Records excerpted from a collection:

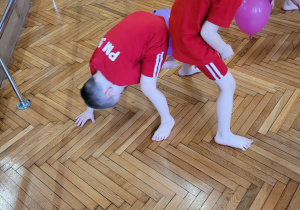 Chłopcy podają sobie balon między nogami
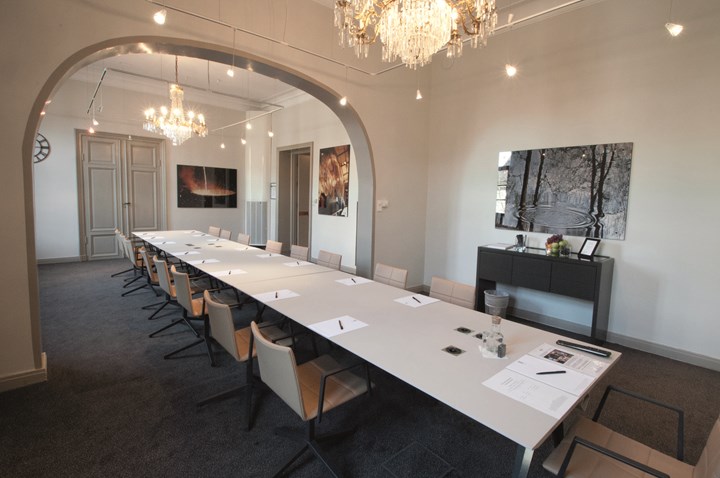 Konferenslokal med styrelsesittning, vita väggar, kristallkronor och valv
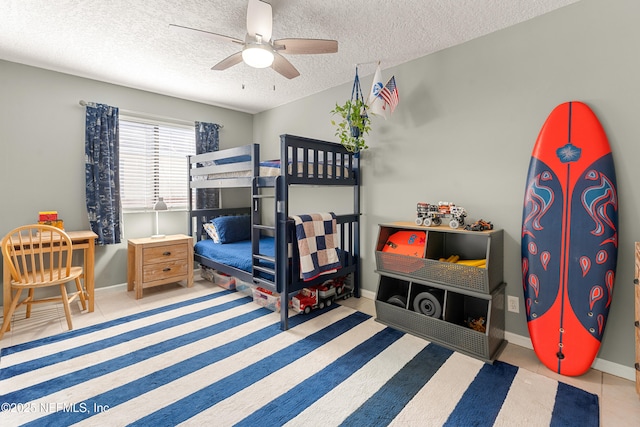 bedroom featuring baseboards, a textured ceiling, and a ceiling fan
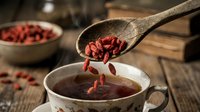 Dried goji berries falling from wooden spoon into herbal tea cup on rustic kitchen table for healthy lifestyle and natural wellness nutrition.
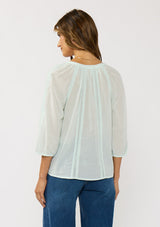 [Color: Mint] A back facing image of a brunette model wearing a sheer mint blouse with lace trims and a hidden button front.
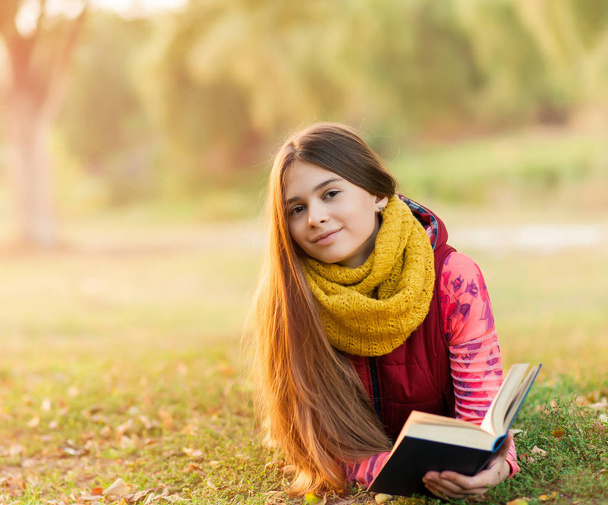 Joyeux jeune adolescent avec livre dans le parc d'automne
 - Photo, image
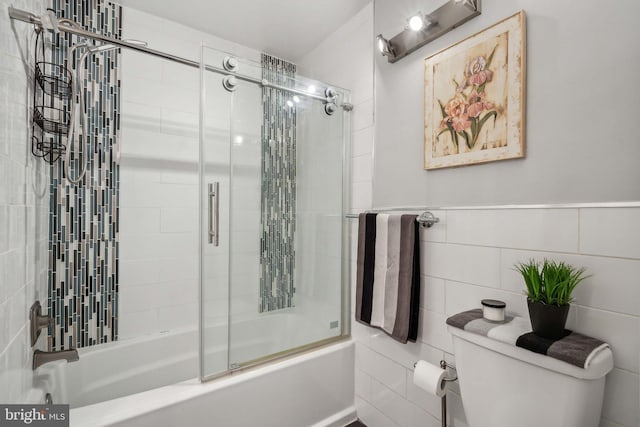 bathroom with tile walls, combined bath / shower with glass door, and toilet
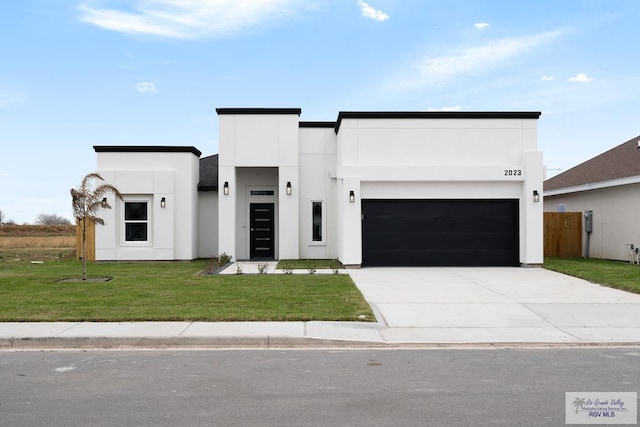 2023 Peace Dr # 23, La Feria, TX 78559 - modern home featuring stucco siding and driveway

Task item: Start at the top of the entries and repeat each line exactly, ending at the line that contains "bathroom with tile". Pictures are not part of the copy.

Your solution:
 Chłopcy podają sobie balon między nogami
 Konferenslokal med styrelsesittning, vita väggar, kristallkronor och valv
 bedroom featuring baseboards, a textured ceiling, and a ceiling fan
 Dried goji berries falling from wooden spoon into herbal tea cup on rustic kitchen table for healthy lifestyle and natural wellness nutrition.
 [Color: Mint] A back facing image of a brunette model wearing a sheer mint blouse with lace trims and a hidden button front.
 Joyeux jeune adolescent avec livre dans le parc d'automne
 - Photo, image
 bathroom with tile walls, combined bath / shower with glass door, and toilet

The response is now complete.